## ABOUT THIS TASK:
Your task is to transcribe, word for word, the line containing "خطرات لوازم آرایشی و بهداشتی برای کودکان" and all lines that follow it to the end of the entries. Leave out the pictures.

[Captioned web image data]
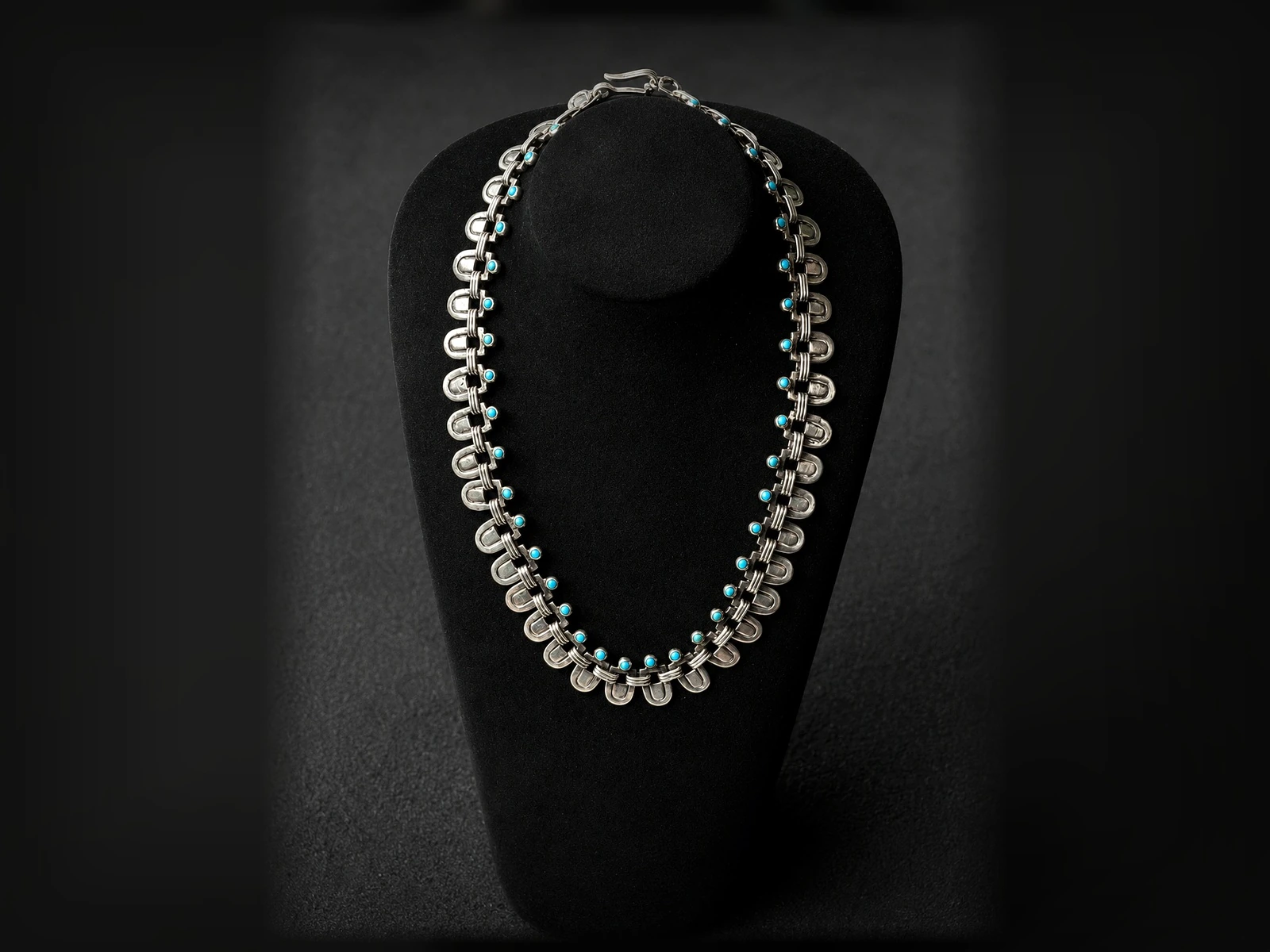 Silver turquoise cabochon scalloped link necklace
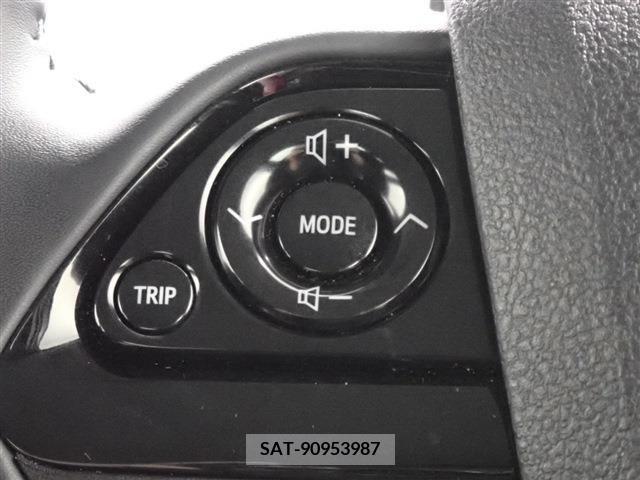 Toyota PRIUS 2021-11 366538-17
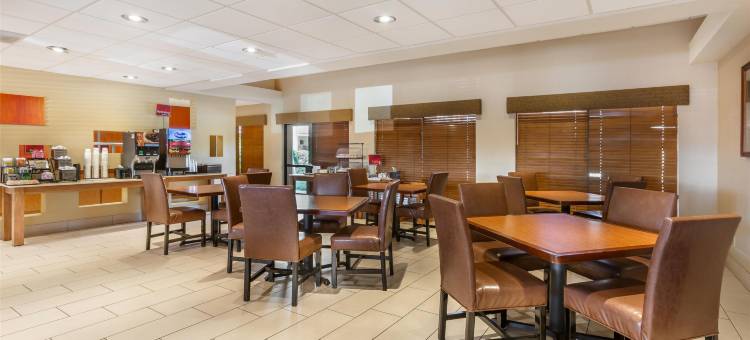 斯科特斯德雷鸟贝斯特韦斯特优质套房酒店(Best Western Plus Scottsdale Thunderbird Suites)图片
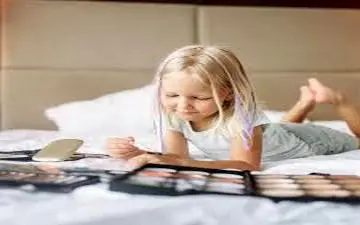 خطرات لوازم آرایشی و بهداشتی برای کودکان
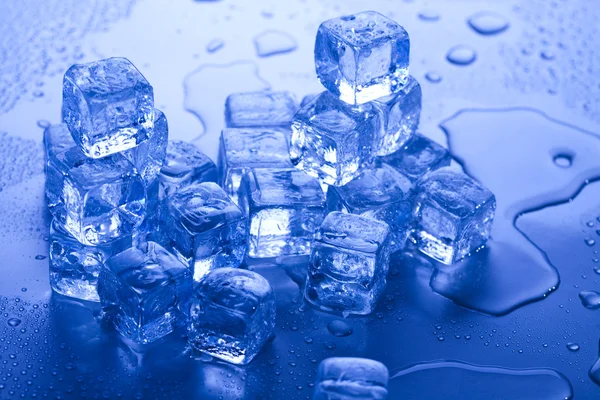 Derretimiento de cubitos de hielo — Foto de Stock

## RESPONSE AREA:
 خطرات لوازم آرایشی و بهداشتی برای کودکان
 Derretimiento de cubitos de hielo — Foto de Stock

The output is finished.